Aktivis 98: Langkah BUMN Copot Immanuel Ebenezer dari Komisaris Dinilai Wajar

JAKARTA, suarapembaharuan.com - Langkah Menteri BUMN Erick Thohir memberhentikan Immanuel Ebenezer (Noel) dari jabatannya sebagai Komisaris Utama anak perusaan BUMN PT Pupuk Indonesia, yaitu PT Mega Eltra didukung sejumlah pihak. 


Ilustrasi

Aktivis 98, Sarbini mengatakan bahwa bahwa pemberhentian ini hal biasa dan sesuatu hal yang wajar saja dalam rotasi kepemimpinan koorporasi. Tentunya keputusan ini diambil mempertimbangkan kepentingan bisnis koorporasi.


"Adapun bila ada yg mengaitkan pemberhentian ini dengan pembelaan Immanuel terhadap Munarman sebagai terdakwa tindak terorisme, persepsi itu pun tidak bisa dinapikan. Saya pikir Saudara Immanuel sudah cukup bijak menyikapi pemberhentiannya, dan saya yakin Immanuel akan mengedepankan kepentingan yang lebih besar ketimbang kepentingan dirinya," kata putra asal Banten ini dalam keterangan tertulis, Kamis (24/3/2022). 


Sarbini berharap, keputusan pencopotan Noel tidak menimbulkan kekisruhan yang justru bisa dimanfaatkan sekelompok orang yang bisa berdampak negatif. 


"Setidaknya dengan keputusan ini sesama pendukung Presiden Jokowi tetap bisa bersinergi dan bersikap dewasa serta tidak menimbulkan riak-riak yang  mendorong pihak-pihak tertentu ikut nimbrung menciptakan kekisruhan yang dampaknya malah kurang baik," kata dia. 

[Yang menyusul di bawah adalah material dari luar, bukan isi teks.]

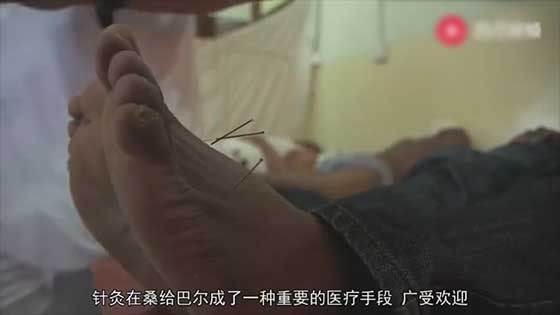 A black guy who was paralyzed for two weeks, Western medicine is helpless, African Chinese medicine: I am cured soon.
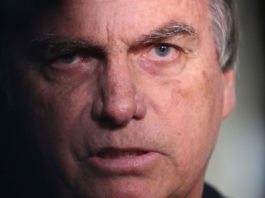 Médico recomenda cirurgia rápida para Bolsonaro após diagnóstico confirmado na sede da Superintendência da PF; veja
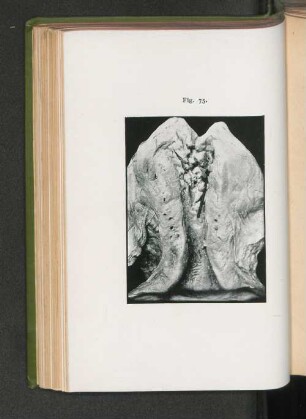 Fig. 75.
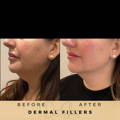 Cheek Fillers Wilmslow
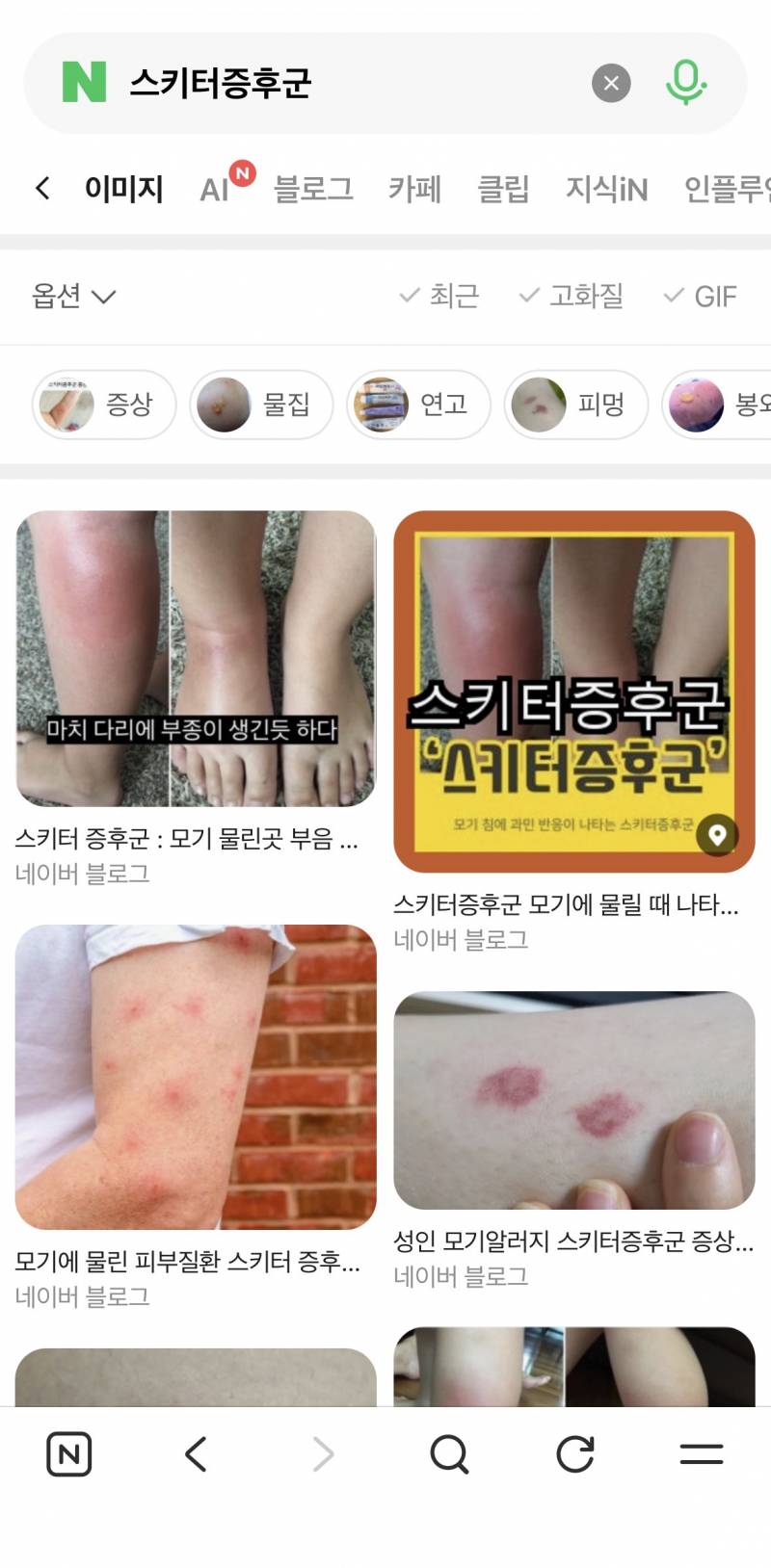 [잡담] 스키터 증후군 있는 사람 ㅠㅠ | 인스티즈
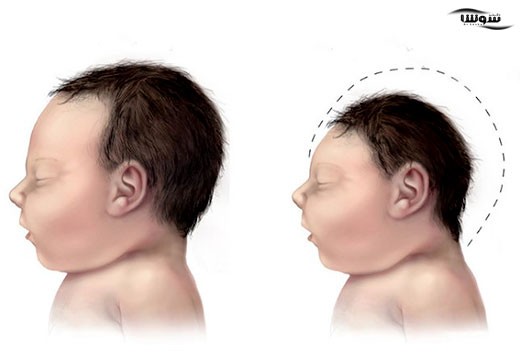 میکروسفالی | کوچک بودن سر (Microcephaly)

Immanuel Bennezer diangkat sebagai Komisaris Utama PT Mega Eltra oleh Menteri Badan Usaha Milik Negara Erick Thohir pada 12 Juni 2021.


PT Mega Eltra merupakan anggota holding perusahaan pelat merah yakni PT Pupuk Indonesia (Persero).


Noel menjadi sorotan belakangan ini. Ia sempat hadir menjadi saksi yang meringankan bagi Munarman, dalam kasus dugaan tindak pidana terorisme di Pengadilan Negeri Jakarta Timur 23 Februari 2022 lalu.